There are four Santa Monica measures on the ballot in the election Tuesday, November 7th:

MEASURE U — This measure would amend various existing charter sections.

It would amend and clarify City Charter provisions governing the City’s organizational structure, the City Manager’s authority, departmental directors’ positions and appointments, city attorney Marsha Moutrie says.

The measure would change current personnel policies.

It would clarify the City Council’s power to create and reorganize city departments, Moutrie says.

“The proposed measure [“U”] would replace the requirement of board or commission approval for these particular positions with language providing that the City Manager shall consult with boards and commissions as appropriate concerning the appointment of all department directors,” Moutrie says.

Additionally, this proposed measure would make “nonsubstantive changes.”

MEASURE V — Clean Beaches and Ocean Parcel Tax Act.

Measure “V” would amend the municipal code to adopt the ordinance called the “Clean Beaches and Ocean Parcel Tax Act.”

This act would fund the implementation of part of Santa Monica’s Watershed Management Plan.

The plan proposes urban water runoff management and pollution prevention activities to protect the Santa Monica Bay, beaches and ocean resources and to satisfy federal, state and regional pollution discharge and water quality requirements, city officials say.

This proposed ordinance would establish an annual parcel tax of $84, or $7 per month, for each parcel with one single family detached residence.

The tax money would be deposited into a special fund that would be audited by a Citizens’ Oversight Committee.

The parcel tax would raise annual revenues of about $2.35 million to help fund the Watershed Management Plan.
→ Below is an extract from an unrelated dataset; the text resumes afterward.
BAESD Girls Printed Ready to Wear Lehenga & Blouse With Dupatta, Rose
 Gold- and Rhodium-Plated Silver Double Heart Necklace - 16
MEASURE W — Would amend Charter Section XXII of the City Charter (also known as the Taxpayer Protection Amendment of 2000 or the Oaks Initiative) — changing current anti-corruption law.

Proposition “W” would eliminate current protections against corruption through campaign contributions and replace those with protections against the corruptive influence of gifts and employment opportunities, city attorney Moutrie says.

Moutrie says the changes to the current anti-corruption law would “effectuate the ‘clean government’ goals of the Oaks Initiative, while protecting individual rights and opportunities.”

Measure W would exempt campaign contributions, noting they “are subject to separate laws and regulations,” and would establish new restrictions upon receipt of gifts. There would be a $50 limit on gifts from persons doing business with the city.

MEASURE Y — Marijuana Lowest Law Enforcement Priority Policy Ordinance.

Measure Y would make crimes involving the adult (21+), personal use of marijuana the “lowest enforcement priority,” unless its use occurs on public property or someone is driving under the influence.

This measure would also prohibit Santa Monica police from cooperating with state and federal agents on enforcement activities covered by the lowest priority designation and would pro- hibit the city from accepting federal funds for such activities, according to city officials.

This measure would require: designating special report forms for police officers’ use in documenting individual enforcement actions; requesting information from individual police officers who appear to have violated the lowest priority designation; and receiving grievances from individuals who believe they were subject to law enforcement efforts contrary to the lowest priority designation.

The City Council would also be required to generate two reports a year containing specific statistical information on marijuana enforcement and information on deviations from the lowest priority designation, city officials say.